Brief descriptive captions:
**********
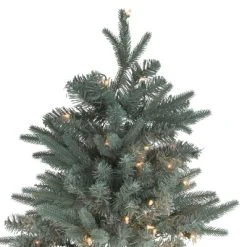 Northlight 10' Prelit Artificial Christmas Tree Slim Washington Frasier Fir - Clear Lights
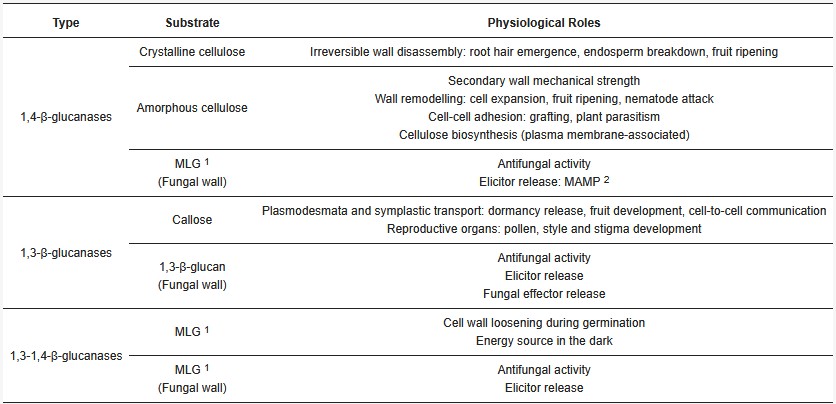Eine tabellarische Zusammenfassung der physiologischen Rollen von pflanzlichen β-Glucanasen.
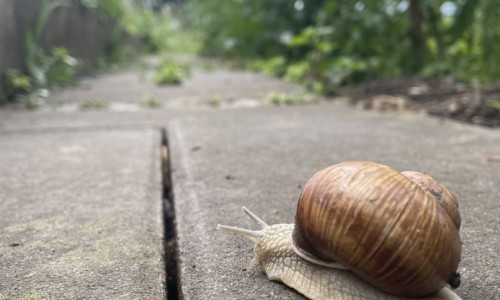 Drehbuch schreiben - der Kurs für den Start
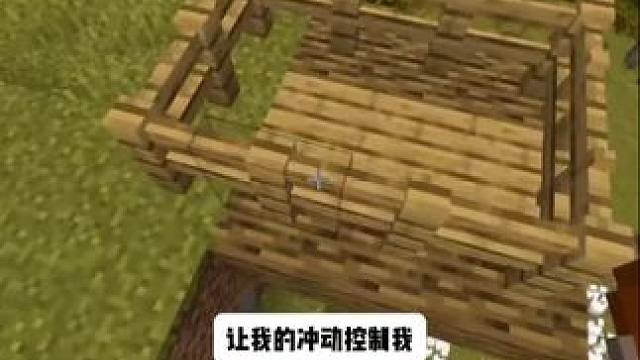 #我的世界 #Minecraft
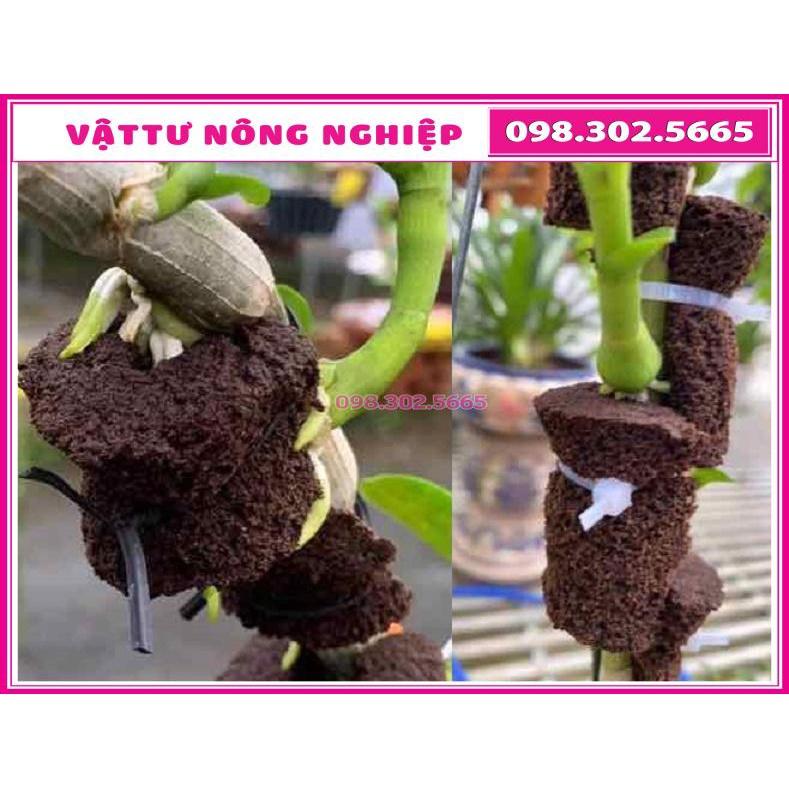 Set 50 Viên mút xốp ươm kie hữu cơ dành cho hoa lan Peatmoss Hà Lan chính hãng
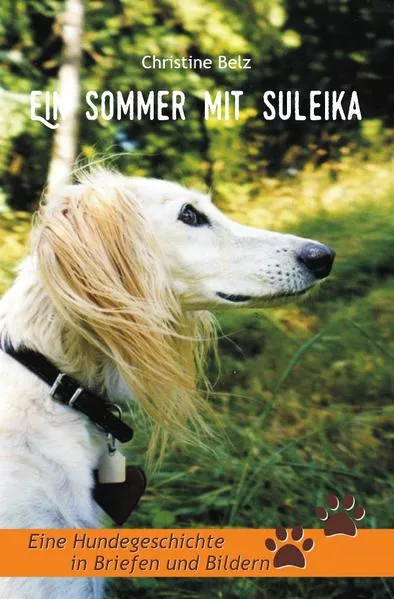 Cover: Ein Sommer mit Suleika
**********
Task to carry out: The reply is to be all the records above, transcribed exactly, with no pictures.

Output below:
 Northlight 10' Prelit Artificial Christmas Tree Slim Washington Frasier Fir - Clear Lights
Eine tabellarische Zusammenfassung der physiologischen Rollen von pflanzlichen β-Glucanasen.
 Drehbuch schreiben - der Kurs für den Start
 #我的世界 #Minecraft
 Set 50 Viên mút xốp ươm kie hữu cơ dành cho hoa lan Peatmoss Hà Lan chính hãng
 Cover: Ein Sommer mit Suleika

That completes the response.